Hepatitis C is an infectious viral disease caused by the hepatitis C virus (HCV). This disease often presents without symptoms, but a long lasting infection can cause liver damage, disease and cancer. The risk of developing liver disease is estimated between 5-15% of those infected and women are at less risk than men. Hepatitis C is commonly spread via blood-to-blood contact, such as during blood transfusions or injecting drugs, and via unprotected sexual contact. It is estimated that 350,000 people die each year from complications related to the disease. About 2% of the population in the United States have the disease and there are up to 185,000 new cases each year. Unfortunately, there is currently no vaccine for this disease.
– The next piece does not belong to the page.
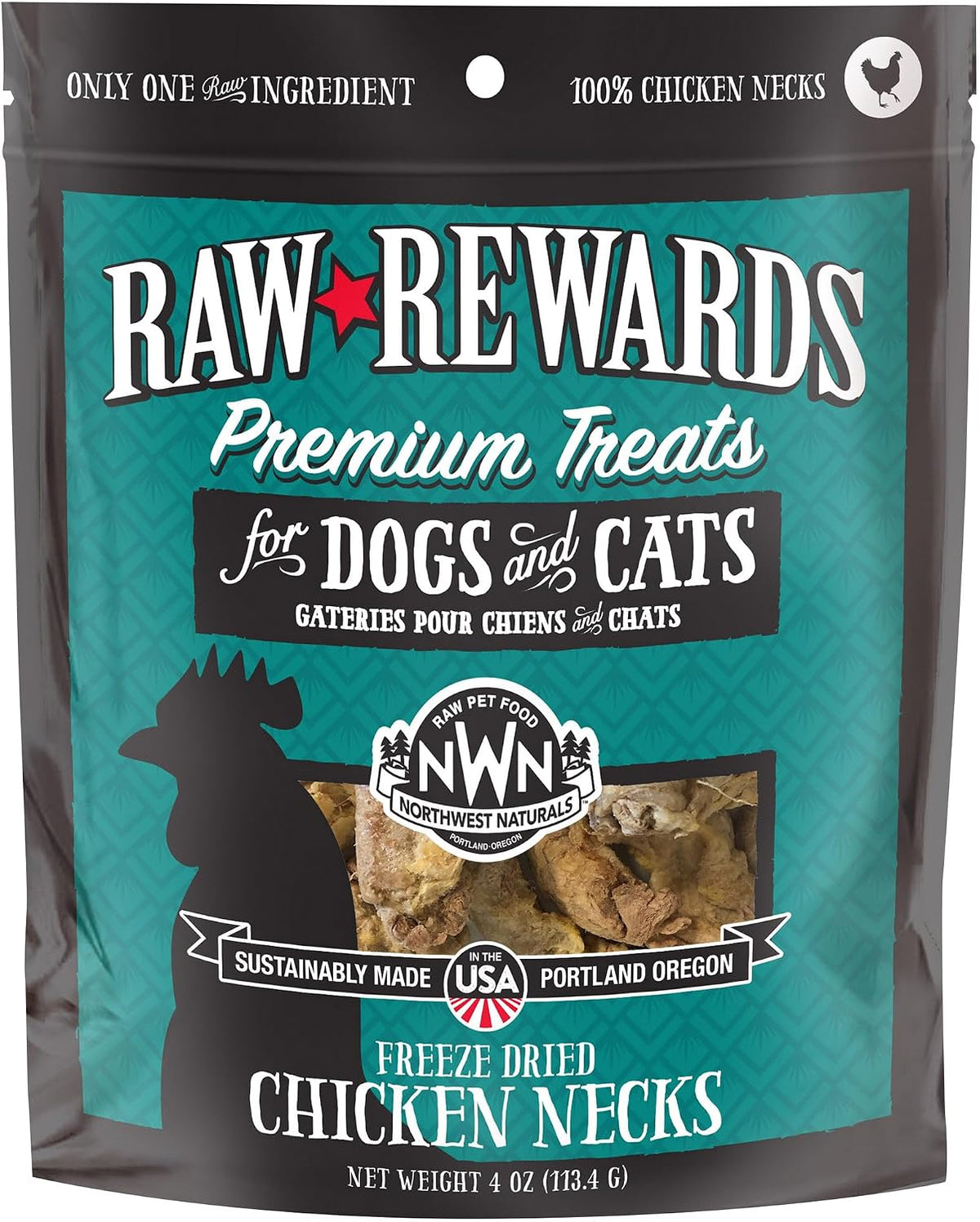 Northwest Naturals Raw Rewards Freeze-Dried Chicken Neck Treats for Dogs and Cats - Whole Neck - Healthy, 1 Ingredient, Human Grade Ingredients, All Natural, Proudly Made in USA, 4 Oz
Let’s find out how it is treated.
How is hepatitis C treated?
HVC turns into a chronic infection in about 50-80% of cases and 40-80% of these cases clear with proper treatment. For the first 24-48 weeks after diagnosis the standard treatment is the antiviral drug ribavirin and pegylated interferon alpha. For certain strains of the disease the protease inhibitor boceprevir or the antiviral drug telaprevir are used together with the other drugs for an improved response. These treatments come with some drawbacks such as flu like symptoms and emotional distress. Treatment is most effective in the first 6 months of infection and is much less likely to succeed if the condition is already chronic. Various natural medicines are claimed to be effective, but there is no evidence that they work against the disease.
Other important information
Patients with hepatitis C are advised to reduce or completely avoid alcohol and medications that are toxic to the liver. They should also be vaccinated against hepatitis A and B if they have not already been immunized for these diseases.